Te ne dico uno del presente e uno del passato. Dal passato mi strappano un sorriso tutte quelle situazioni che il suonare o portare un contenuto artistico aveva una valenza più ampia. Penso a tutte le volte che siamo stati nelle carceri a suonare, alle volte in cui c’era da dare un aiuto a livello sociale che si poteva dare con la musica e con l’impegno. Tutti quei ricordi mi strappano un sorriso perché mi ridanno un po’ il senso dello sforzo fatto. Del presente mi strappa il sorriso “De Core”. Perché è una storia di un incontro tra me e Danilo che è qualcosa di speciale. Che si rinnova ogni settimana, in ogni puntata, con qualcosa che non ti aspetti. Quindi ogni volta c’è il brivido della scoperta. Il fatto di farlo in due, con una persona che stimo, contaminati dall’ospite che viene, mi strappa un gran sorriso. Perché è un arricchimento prima di tutto per me e per noi, e poi spero anche per chi ci ascolta.

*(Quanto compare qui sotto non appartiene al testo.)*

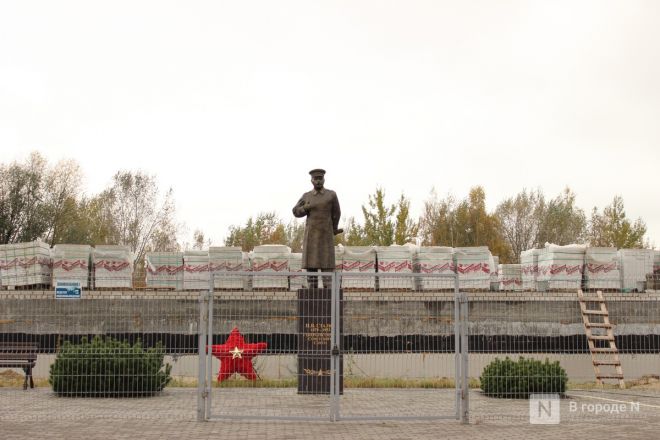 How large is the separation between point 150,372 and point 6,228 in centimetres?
4131

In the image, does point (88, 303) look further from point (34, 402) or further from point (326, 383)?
point (326, 383)

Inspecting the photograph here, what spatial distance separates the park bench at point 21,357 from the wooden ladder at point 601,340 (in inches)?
459

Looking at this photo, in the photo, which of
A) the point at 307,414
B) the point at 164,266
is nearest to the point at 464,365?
the point at 307,414

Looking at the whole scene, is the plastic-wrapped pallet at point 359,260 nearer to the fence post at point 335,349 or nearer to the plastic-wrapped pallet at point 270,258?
the plastic-wrapped pallet at point 270,258

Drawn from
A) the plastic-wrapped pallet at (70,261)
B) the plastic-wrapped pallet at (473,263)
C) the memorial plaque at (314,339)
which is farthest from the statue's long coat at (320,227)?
the plastic-wrapped pallet at (70,261)

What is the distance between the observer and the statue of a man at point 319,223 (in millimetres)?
15750

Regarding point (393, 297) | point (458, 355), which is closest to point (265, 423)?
point (458, 355)

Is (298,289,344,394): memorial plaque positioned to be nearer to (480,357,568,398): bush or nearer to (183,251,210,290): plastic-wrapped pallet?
(480,357,568,398): bush

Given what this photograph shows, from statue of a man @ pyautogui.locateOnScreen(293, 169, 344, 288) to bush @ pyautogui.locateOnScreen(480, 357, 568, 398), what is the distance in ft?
12.2

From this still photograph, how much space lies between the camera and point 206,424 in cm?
1123

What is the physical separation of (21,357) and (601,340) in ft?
47.0

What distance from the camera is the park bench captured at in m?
16.2

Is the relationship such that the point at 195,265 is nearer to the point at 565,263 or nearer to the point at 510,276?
the point at 565,263

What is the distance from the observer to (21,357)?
16172 millimetres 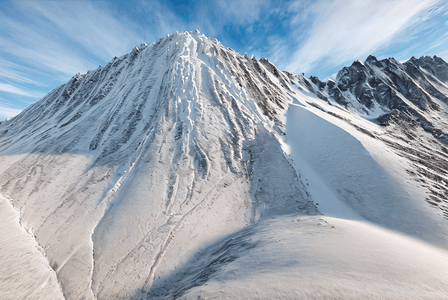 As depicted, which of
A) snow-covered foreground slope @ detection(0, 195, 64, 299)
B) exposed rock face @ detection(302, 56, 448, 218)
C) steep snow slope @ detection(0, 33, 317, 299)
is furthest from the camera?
exposed rock face @ detection(302, 56, 448, 218)

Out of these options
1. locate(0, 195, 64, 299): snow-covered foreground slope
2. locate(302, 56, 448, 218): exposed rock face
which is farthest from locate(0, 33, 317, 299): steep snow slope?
locate(302, 56, 448, 218): exposed rock face

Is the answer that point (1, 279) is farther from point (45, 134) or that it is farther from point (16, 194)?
point (45, 134)

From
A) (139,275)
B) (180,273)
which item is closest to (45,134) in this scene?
(139,275)

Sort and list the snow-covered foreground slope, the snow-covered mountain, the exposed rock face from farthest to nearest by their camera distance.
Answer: the exposed rock face < the snow-covered foreground slope < the snow-covered mountain

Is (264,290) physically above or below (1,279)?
below

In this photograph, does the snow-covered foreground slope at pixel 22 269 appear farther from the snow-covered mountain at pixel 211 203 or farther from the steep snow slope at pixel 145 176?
the steep snow slope at pixel 145 176

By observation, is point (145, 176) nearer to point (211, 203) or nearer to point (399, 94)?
point (211, 203)

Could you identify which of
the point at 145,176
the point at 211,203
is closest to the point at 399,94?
the point at 211,203

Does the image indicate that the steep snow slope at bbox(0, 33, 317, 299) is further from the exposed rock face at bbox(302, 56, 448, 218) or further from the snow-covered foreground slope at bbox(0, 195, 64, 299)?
the exposed rock face at bbox(302, 56, 448, 218) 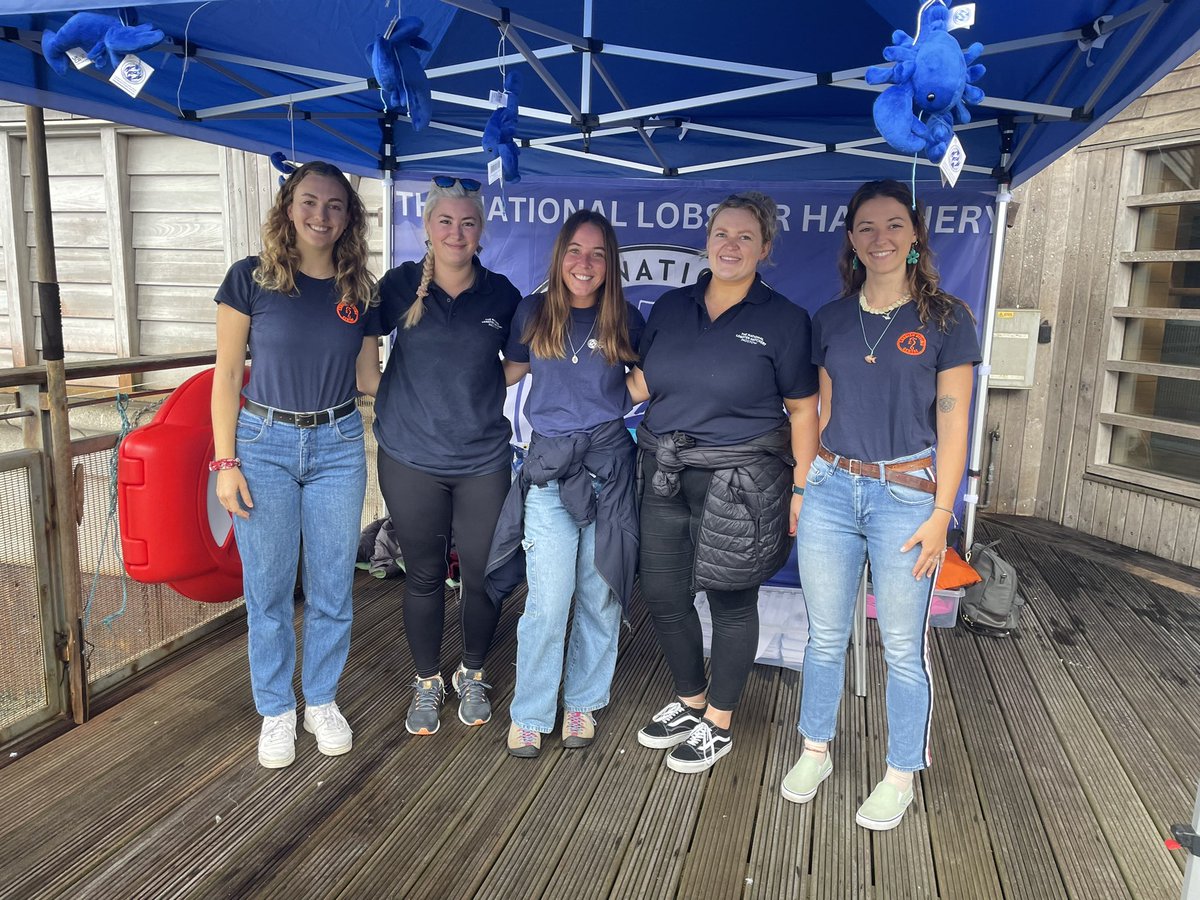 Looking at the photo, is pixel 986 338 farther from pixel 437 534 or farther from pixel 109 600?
pixel 109 600

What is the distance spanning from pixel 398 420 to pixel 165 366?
1.19m

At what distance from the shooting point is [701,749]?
8.00 feet

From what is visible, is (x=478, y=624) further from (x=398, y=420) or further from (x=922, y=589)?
Answer: (x=922, y=589)

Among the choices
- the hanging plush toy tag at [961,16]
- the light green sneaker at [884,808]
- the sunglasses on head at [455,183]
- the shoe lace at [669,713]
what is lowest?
the light green sneaker at [884,808]

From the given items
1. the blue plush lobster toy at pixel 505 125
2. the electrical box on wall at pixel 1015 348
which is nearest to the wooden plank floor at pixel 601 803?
the blue plush lobster toy at pixel 505 125

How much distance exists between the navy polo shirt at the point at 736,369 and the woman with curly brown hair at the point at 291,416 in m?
0.89

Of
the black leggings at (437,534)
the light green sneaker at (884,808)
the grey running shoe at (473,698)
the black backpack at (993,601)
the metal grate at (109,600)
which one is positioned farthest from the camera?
the black backpack at (993,601)

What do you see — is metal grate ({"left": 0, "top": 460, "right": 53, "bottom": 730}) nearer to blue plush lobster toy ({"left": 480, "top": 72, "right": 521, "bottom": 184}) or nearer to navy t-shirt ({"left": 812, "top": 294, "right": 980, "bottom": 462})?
blue plush lobster toy ({"left": 480, "top": 72, "right": 521, "bottom": 184})

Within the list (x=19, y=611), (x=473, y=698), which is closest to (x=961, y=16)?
(x=473, y=698)

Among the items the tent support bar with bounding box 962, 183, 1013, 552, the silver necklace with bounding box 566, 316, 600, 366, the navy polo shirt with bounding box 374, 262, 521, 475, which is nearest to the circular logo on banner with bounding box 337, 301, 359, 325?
the navy polo shirt with bounding box 374, 262, 521, 475

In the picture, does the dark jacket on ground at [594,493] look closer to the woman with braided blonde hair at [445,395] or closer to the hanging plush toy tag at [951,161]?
the woman with braided blonde hair at [445,395]

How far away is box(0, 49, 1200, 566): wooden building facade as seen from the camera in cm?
466

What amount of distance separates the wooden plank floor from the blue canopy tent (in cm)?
120

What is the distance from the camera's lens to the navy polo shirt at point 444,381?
2.34 m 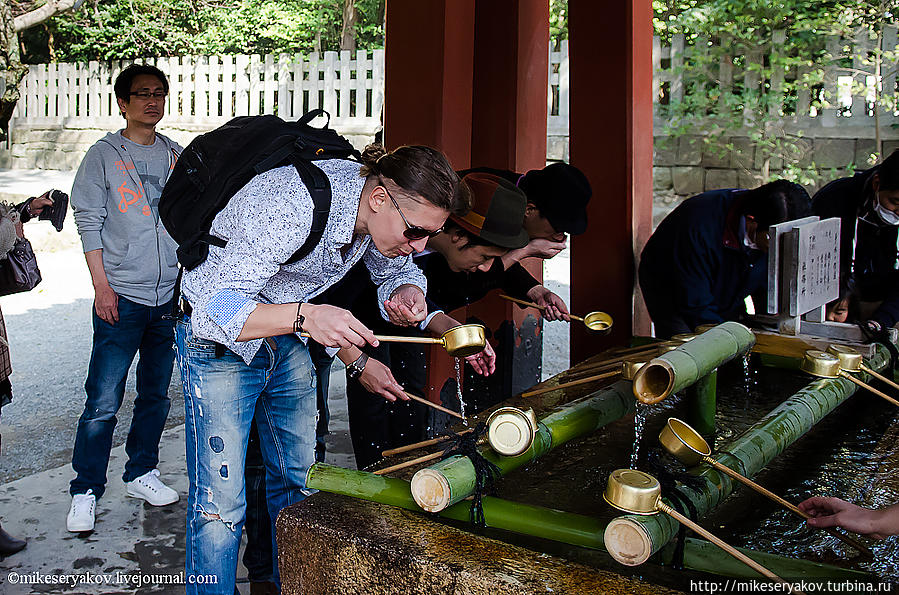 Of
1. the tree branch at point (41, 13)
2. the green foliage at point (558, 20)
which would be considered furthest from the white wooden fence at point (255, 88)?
the tree branch at point (41, 13)

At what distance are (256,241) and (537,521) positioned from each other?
33.0 inches

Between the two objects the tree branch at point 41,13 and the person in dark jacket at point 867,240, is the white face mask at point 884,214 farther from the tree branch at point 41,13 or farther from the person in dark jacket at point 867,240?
the tree branch at point 41,13

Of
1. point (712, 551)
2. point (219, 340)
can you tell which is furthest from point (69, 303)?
point (712, 551)

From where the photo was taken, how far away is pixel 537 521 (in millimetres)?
1468

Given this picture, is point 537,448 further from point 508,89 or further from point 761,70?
point 761,70

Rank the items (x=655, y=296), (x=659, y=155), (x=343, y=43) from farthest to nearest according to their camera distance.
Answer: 1. (x=343, y=43)
2. (x=659, y=155)
3. (x=655, y=296)

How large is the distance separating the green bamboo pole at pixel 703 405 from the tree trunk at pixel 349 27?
39.3ft

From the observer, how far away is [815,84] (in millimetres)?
8664

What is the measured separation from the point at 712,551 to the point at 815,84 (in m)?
8.44

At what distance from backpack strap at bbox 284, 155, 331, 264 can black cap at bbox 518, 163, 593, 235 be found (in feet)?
3.07

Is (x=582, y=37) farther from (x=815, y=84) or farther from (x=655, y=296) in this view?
(x=815, y=84)

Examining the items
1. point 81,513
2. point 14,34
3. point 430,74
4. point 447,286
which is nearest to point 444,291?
point 447,286

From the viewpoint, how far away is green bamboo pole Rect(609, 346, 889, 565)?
1.30 m

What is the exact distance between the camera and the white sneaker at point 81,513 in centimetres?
293
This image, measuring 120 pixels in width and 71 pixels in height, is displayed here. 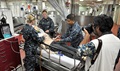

De Core è uno dei podcast più apprezzati e ascoltati in Italia. Secondo te cosa convince gli ascoltatori e quanto è facile (o difficile) produrre un contenuto come quello?

In tutte le cose che si fanno paga l’autenticità. Cerchiamo di proporre un contenuto non costruito, senza secondi fini, senza mire di successo. Semplicemente per la bellezza di farlo. Credo che questo arrivi. Ci lavoriamo tantissimo, ci prende full time perché cerchiamo di trasformare i contenuti lunghi in brevi per i social. Cerchiamo di far sì che la nostra presenza, il nostro contenuto arrivi un po’ a tutti e per farlo bisogna un po’ presidiare tutte le piattaforme. Contemporaneamente scrivere le puntate nuove, lavorare sugli ospiti. È davvero un lavoro enorme, però chi ci segue ci ripaga al 100% col proprio apprezzamento.

Che legami hai con la Sardegna? Un luogo, delle persone, un concerto che ti lega all’isola

La Sardegna è un posto magico. Ogni volta che ci arrivo mi sento immerso in una storia che apprezzo, che mi affascina, mi piace sotto tutti i punti di vista. Ci sono stato spesso, mi ci sento legato. È un territorio speciale. Se ripenso a qualcosa fatto in Sardegna, sicuramente ricordo quando feci un tour qualche estate fa e fu una esperienza bellissima. Aprimmo un concerto di Ben Harper, fu in un posto bellissimo (al Parco dei Suoni di Riola Sardo, nda). Amo la Sardegna, il popolo sardo. Credo sia la dimostrazione di come ci siano tante ricchezze in Italia e come l’Italia sia fatta da tante piccole cose che compongono un territorio unico e incredibile.